ACTION ITEM:
For the data below, please report each line where the word "Curtains" is found.

TASK INPUTS:
=== Begin Enclosure ===
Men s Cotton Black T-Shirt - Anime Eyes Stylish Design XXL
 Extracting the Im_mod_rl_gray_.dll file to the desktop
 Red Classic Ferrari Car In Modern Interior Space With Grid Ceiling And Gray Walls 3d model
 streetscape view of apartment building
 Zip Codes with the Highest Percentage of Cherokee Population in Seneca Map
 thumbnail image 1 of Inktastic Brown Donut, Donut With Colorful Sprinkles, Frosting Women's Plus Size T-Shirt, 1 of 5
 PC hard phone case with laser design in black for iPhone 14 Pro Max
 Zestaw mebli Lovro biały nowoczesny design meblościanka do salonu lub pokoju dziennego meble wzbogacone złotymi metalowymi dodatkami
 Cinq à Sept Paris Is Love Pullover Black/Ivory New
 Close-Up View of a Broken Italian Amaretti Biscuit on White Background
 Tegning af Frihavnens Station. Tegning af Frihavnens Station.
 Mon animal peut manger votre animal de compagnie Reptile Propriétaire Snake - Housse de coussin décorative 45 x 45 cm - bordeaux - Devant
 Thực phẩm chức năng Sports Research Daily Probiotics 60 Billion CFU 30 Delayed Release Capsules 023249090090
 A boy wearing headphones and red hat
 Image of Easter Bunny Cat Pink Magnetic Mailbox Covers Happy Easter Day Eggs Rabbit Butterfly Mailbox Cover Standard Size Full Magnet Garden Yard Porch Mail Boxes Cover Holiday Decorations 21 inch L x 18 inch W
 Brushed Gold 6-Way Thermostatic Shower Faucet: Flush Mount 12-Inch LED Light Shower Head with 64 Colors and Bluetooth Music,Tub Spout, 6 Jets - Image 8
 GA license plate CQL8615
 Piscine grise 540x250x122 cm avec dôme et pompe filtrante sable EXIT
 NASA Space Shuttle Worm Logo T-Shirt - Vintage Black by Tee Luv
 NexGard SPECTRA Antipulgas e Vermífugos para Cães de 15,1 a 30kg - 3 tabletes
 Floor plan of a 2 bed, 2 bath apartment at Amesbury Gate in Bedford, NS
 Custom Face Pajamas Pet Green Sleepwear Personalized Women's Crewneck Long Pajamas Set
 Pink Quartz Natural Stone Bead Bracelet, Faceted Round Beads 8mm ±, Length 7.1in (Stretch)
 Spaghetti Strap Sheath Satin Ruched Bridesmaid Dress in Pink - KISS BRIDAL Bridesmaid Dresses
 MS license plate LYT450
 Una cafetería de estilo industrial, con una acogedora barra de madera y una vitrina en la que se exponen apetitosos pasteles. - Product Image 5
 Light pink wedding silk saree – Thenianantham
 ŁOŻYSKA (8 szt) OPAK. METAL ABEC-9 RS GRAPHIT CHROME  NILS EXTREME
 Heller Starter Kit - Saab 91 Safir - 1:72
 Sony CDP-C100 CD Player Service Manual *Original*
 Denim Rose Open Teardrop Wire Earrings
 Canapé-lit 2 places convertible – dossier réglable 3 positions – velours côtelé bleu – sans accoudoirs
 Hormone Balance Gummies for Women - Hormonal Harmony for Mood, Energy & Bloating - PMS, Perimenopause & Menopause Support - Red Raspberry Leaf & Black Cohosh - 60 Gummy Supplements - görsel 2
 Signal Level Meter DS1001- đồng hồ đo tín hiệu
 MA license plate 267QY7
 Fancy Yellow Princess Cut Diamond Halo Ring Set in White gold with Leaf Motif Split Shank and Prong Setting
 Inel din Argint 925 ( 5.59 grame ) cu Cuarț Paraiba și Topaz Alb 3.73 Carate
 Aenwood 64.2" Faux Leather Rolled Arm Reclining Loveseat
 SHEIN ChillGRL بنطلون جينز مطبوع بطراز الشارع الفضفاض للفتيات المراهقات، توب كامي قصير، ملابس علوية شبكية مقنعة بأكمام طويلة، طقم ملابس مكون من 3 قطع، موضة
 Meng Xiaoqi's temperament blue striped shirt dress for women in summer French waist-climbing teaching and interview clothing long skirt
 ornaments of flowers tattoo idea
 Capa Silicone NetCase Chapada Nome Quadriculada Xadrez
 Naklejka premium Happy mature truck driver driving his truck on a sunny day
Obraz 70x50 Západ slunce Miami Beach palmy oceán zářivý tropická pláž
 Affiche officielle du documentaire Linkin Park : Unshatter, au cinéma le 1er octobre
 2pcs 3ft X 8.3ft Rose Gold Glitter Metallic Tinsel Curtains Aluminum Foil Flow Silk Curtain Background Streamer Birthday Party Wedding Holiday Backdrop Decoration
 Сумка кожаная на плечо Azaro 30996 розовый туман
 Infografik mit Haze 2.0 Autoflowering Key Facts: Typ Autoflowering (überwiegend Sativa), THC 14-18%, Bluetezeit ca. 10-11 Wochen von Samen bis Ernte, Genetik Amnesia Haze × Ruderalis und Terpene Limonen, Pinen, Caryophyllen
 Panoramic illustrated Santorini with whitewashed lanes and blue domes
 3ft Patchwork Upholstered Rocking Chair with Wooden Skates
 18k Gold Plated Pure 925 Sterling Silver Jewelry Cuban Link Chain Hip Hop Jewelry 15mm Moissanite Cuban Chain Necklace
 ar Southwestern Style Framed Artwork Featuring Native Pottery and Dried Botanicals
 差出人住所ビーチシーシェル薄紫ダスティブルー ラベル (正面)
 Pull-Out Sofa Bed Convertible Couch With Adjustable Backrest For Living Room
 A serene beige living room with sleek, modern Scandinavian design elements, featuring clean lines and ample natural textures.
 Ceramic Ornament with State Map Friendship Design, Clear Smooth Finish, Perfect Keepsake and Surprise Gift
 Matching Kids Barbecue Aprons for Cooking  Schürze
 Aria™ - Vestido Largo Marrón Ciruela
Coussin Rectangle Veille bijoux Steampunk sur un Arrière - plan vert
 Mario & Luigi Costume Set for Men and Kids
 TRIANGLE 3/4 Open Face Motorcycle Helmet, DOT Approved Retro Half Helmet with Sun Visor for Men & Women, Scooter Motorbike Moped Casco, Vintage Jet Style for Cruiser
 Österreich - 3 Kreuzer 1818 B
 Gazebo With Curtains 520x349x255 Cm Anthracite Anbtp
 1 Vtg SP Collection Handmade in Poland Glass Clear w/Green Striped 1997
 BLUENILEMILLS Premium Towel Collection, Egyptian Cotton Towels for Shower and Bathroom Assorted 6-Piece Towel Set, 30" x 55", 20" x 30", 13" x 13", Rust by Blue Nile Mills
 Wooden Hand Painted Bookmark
=== End Enclosure ===
REPLY TO THE TASK:
 2pcs 3ft X 8.3ft Rose Gold Glitter Metallic Tinsel Curtains Aluminum Foil Flow Silk Curtain Background Streamer Birthday Party Wedding Holiday Backdrop Decoration
 Gazebo With Curtains 520x349x255 Cm Anthracite Anbtp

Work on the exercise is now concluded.